- [What is needed] From the entries below, return exactly the lines beginning at the one that contains "Rawlings Damen Hose Pro Elite Sb Hose" and ending at the one that contains "Horoszkóp szombatra –- Ikrek", both of them included, and only those lines.

-----

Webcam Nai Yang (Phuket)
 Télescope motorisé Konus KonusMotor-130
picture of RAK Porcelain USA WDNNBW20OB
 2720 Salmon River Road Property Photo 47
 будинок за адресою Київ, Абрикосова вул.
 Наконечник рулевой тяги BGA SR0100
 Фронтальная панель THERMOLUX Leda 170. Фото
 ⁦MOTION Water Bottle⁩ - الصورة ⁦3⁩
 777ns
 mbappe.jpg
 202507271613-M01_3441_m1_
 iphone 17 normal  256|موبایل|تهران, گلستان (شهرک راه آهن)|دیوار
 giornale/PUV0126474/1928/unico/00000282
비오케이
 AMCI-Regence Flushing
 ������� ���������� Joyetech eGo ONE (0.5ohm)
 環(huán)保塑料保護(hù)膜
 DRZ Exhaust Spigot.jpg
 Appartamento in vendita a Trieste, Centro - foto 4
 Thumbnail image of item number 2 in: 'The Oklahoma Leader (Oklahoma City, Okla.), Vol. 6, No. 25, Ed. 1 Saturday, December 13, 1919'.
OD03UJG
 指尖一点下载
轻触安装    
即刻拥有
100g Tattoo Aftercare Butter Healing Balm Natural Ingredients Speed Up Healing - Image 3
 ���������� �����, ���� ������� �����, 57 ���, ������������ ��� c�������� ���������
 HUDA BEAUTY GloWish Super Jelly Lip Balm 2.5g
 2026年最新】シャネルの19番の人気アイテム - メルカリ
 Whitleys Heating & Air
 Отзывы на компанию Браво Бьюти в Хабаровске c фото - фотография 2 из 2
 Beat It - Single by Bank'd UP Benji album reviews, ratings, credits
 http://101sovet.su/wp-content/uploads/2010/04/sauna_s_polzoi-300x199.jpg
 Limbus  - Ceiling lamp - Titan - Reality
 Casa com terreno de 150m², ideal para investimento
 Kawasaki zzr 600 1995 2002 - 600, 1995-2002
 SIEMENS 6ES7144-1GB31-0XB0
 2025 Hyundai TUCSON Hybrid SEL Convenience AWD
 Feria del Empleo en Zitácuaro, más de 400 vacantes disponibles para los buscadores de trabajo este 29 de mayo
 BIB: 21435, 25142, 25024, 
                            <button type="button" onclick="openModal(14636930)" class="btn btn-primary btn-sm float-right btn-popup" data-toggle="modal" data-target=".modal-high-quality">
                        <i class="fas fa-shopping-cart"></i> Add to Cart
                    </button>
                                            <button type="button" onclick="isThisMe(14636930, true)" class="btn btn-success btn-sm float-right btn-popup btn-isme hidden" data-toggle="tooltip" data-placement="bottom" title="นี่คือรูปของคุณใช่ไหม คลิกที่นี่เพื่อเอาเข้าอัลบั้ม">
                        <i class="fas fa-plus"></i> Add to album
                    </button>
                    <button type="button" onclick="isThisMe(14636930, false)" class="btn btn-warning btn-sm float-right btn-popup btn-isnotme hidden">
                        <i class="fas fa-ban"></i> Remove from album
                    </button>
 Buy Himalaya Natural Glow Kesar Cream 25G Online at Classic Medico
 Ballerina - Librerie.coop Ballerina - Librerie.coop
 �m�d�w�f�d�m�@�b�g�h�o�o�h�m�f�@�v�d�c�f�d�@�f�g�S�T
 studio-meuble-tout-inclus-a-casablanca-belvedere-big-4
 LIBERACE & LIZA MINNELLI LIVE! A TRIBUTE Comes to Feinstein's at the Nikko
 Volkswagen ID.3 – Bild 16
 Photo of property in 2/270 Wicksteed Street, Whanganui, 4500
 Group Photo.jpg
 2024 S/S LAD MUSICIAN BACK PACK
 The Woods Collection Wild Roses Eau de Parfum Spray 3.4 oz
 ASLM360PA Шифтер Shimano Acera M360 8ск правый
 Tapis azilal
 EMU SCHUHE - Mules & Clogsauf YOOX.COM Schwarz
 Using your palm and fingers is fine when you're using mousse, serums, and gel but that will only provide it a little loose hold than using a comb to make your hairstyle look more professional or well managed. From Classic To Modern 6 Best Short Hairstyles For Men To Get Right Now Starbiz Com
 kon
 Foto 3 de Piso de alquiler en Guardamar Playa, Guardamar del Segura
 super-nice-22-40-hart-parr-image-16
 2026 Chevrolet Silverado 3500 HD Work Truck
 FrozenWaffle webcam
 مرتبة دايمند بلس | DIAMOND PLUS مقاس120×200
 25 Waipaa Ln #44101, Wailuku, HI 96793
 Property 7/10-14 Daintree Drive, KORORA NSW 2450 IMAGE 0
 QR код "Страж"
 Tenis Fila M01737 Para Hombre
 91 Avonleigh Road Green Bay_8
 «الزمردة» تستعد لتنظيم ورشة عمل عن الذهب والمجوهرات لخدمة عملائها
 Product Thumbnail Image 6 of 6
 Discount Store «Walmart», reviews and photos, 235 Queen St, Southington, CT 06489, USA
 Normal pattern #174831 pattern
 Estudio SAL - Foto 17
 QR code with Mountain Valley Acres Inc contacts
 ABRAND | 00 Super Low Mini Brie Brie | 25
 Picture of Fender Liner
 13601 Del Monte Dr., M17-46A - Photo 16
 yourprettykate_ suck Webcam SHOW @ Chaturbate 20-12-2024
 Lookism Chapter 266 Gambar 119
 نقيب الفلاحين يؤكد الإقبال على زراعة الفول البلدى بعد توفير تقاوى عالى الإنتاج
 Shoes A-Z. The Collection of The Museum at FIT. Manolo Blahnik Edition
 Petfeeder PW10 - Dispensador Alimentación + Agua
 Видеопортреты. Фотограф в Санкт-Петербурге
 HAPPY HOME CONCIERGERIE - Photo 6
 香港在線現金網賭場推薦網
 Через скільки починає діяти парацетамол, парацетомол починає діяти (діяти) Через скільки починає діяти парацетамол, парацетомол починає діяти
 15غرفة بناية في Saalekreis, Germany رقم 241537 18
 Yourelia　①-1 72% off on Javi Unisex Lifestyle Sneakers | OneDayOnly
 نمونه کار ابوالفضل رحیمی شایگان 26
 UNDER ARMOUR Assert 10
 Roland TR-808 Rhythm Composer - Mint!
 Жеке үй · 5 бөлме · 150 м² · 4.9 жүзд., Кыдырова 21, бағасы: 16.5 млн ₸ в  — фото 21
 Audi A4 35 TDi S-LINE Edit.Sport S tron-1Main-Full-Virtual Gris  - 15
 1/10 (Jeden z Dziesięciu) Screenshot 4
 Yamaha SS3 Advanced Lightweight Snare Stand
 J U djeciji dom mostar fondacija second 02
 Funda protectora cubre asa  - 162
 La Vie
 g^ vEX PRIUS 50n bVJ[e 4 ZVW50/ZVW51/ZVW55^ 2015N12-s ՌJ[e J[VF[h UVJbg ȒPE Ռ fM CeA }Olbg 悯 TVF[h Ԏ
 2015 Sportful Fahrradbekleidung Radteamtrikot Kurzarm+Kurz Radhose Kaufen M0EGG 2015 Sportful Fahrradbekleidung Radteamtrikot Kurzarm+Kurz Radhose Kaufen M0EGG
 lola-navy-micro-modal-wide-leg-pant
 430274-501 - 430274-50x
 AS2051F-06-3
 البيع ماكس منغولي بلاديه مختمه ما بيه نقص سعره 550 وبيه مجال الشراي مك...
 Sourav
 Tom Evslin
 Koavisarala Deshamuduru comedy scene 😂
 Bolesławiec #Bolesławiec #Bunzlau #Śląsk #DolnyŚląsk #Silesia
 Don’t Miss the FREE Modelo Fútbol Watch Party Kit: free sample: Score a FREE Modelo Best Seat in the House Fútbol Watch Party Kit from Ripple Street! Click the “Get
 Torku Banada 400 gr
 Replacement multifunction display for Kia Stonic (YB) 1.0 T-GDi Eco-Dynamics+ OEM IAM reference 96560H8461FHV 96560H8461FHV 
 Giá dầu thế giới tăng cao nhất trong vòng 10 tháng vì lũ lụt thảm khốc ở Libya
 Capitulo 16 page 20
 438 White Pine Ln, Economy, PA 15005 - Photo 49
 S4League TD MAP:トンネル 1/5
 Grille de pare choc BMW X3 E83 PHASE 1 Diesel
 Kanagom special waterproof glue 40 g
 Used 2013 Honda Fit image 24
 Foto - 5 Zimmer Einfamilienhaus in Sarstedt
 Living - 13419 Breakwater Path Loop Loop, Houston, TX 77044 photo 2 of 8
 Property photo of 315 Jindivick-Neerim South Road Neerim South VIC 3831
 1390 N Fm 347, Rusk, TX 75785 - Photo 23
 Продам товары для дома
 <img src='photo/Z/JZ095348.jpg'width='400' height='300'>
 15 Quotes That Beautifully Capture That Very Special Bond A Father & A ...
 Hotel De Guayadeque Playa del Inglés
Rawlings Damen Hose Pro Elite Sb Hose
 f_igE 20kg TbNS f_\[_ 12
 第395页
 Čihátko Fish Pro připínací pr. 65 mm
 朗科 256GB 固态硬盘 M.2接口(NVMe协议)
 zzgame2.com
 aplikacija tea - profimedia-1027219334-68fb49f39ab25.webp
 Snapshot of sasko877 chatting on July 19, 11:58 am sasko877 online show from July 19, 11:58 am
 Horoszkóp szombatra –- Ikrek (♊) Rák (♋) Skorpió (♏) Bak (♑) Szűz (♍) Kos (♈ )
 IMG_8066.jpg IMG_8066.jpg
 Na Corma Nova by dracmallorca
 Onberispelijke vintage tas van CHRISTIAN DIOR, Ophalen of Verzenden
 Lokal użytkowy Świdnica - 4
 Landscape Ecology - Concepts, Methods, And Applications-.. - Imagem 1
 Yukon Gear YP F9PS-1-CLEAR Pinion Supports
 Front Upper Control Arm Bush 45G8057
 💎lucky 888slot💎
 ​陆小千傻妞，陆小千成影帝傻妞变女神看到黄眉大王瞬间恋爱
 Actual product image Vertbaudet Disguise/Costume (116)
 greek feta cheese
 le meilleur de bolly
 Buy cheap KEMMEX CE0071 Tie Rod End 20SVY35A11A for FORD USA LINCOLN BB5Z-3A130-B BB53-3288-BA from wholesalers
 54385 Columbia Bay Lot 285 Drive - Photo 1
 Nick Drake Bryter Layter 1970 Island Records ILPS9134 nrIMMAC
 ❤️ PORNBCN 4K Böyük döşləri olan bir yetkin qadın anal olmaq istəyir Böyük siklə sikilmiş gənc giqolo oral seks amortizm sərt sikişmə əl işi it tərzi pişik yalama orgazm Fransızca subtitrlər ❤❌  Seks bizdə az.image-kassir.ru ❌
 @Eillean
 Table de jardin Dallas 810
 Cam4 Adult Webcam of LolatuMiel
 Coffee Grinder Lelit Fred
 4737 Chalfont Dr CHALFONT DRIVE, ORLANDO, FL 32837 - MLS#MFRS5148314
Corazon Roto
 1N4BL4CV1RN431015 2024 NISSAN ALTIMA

-----

- [Output below]
Rawlings Damen Hose Pro Elite Sb Hose
 f_igE 20kg TbNS f_\[_ 12
 第395页
 Čihátko Fish Pro připínací pr. 65 mm
 朗科 256GB 固态硬盘 M.2接口(NVMe协议)
 zzgame2.com
 aplikacija tea - profimedia-1027219334-68fb49f39ab25.webp
 Snapshot of sasko877 chatting on July 19, 11:58 am sasko877 online show from July 19, 11:58 am
 Horoszkóp szombatra –- Ikrek (♊) Rák (♋) Skorpió (♏) Bak (♑) Szűz (♍) Kos (♈ )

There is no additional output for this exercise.